Physical characteristics
- Source: Mountain stream
- • location: Notre-Dame-Auxiliatrice-de-Buckland
- • coordinates: 46°36′07″N 70°35′36″W﻿ / ﻿46.601903°N 70.593336°W
- • elevation: 399 metres (1,309 ft)
- Mouth: Rivière de la Fourche
- • location: Notre-Dame-Auxiliatrice-de-Buckland
- • coordinates: 46°38′36″N 70°32′43″W﻿ / ﻿46.64333°N 70.54528°W
- • elevation: 336 metres (1,102 ft)
- Length: 9.2 kilometres (5.7 mi)

Basin features
- Progression: Rivière de la Fourche, rivière du Sud (Montmagny), St.
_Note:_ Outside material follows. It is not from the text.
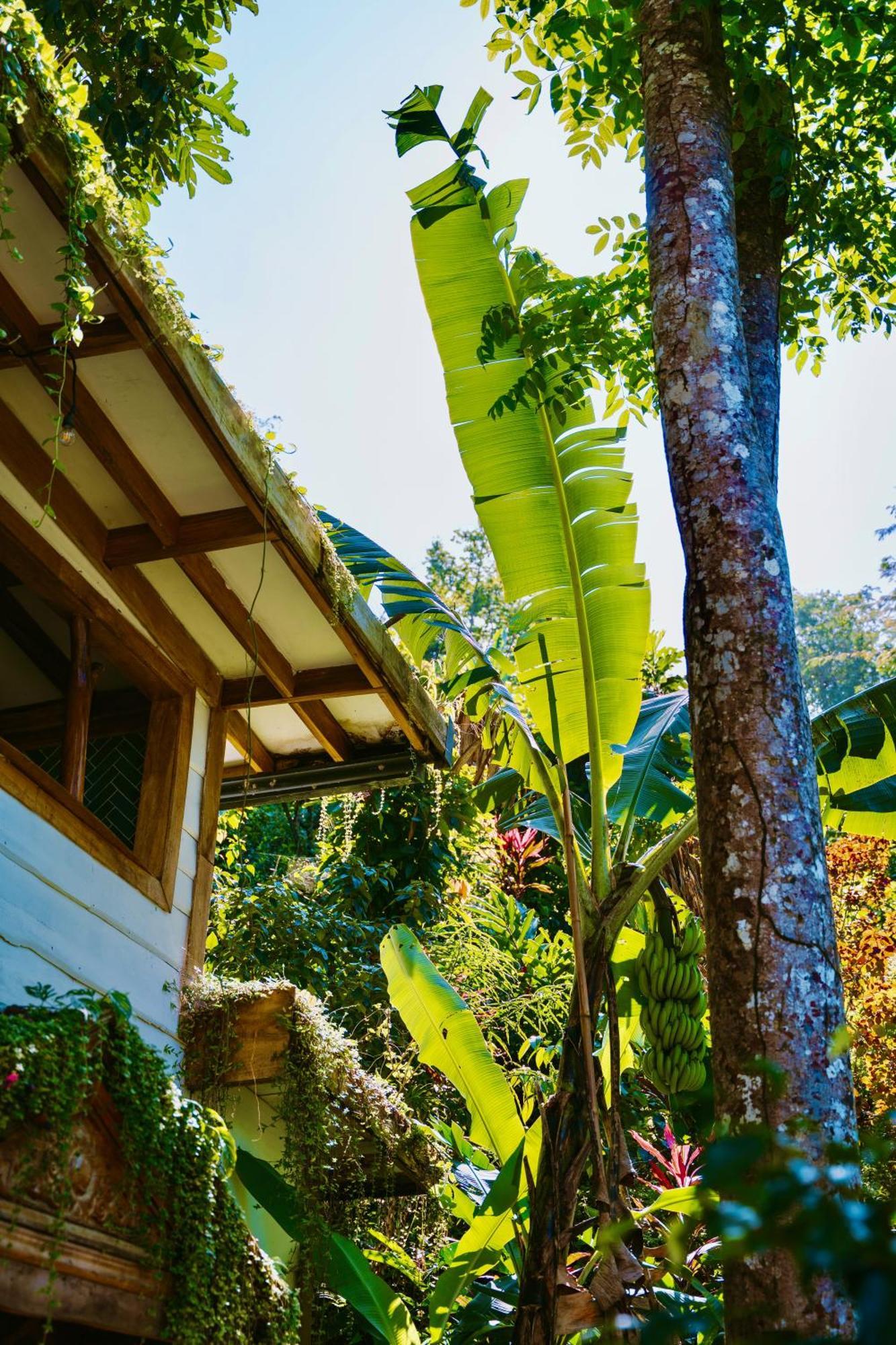 Jungle Spirit Treehouse Villa กาอุยตา ภายนอก รูปภาพ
Lawrence River
- • left: (upstream)
- • right: (upstream)

= Rivière des Orignaux =

River in Chaudière-Appalaches, Quebec (Canada)

The rivière des Orignaux (in English: Mooses River) crosses the municipality of Notre-Dame-Auxiliatrice-de-Buckland, in the Bellechasse Regional County Municipality, in the administrative region of Chaudière-Appalaches, in Quebec, in Canada.
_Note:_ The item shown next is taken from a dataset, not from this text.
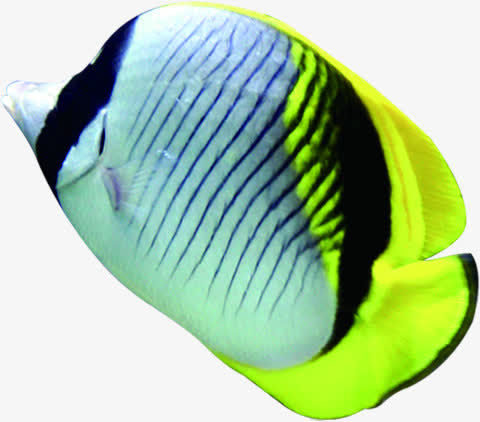 一个黄尾巴条纹状小丑鱼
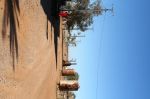 HayRiver_1041.jpg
Rivière des Orignaux is a tributary of the southwest bank of the rivière de la Fourche, which flows northward to empty onto the south bank of the rivière du Sud (Montmagny); the latter flows northwest, then northeast to the south shore of the St. Lawrence River.

== Geography ==
The main neighboring watersheds of the Des Orignaux river are:
- North side: rivière de la Fourche, South stream, rivière du Sud (Montmagny);
- East side: rivière de la Fourche;
- South side: rivière des Mornes, Belles Amours stream;
- West side: rivière du Moulin, rivière aux Billots.

The Rivière des Orignaux has its source in the township of Buckland, in the municipality of Notre-Dame-Auxiliatrice-de-Buckland, in the Bellechasse Regional County Municipality. The surrounding mountains are part of the Notre Dame Mountains chain.

From its source, the Rivière des Orignaux flows on 9.1 km at the bottom of a valley, divided into the following segments:

- 3.9 km northeasterly in Notre-Dame-Auxiliatrice-de-Buckland, to chemin du rang Saint-Roch (route 279);
- 3.0 km northeasterly, to rang Ville-Marie road;
- 2.2 km towards the northeast, up to its confluence.

The confluence of the Rivière des Orignaux is located on the southwest bank of the Forks River, in the township of Buckland. This confluence is located at 2.9 km north of Buckland, 10.6 km south of rivière du Sud (Montmagny) and at 1.9 km northwest of route 216.

== Toponymy ==
The toponym “rivière des Orignaux” was made official on September 11, 1987, at the Commission de toponymie du Québec.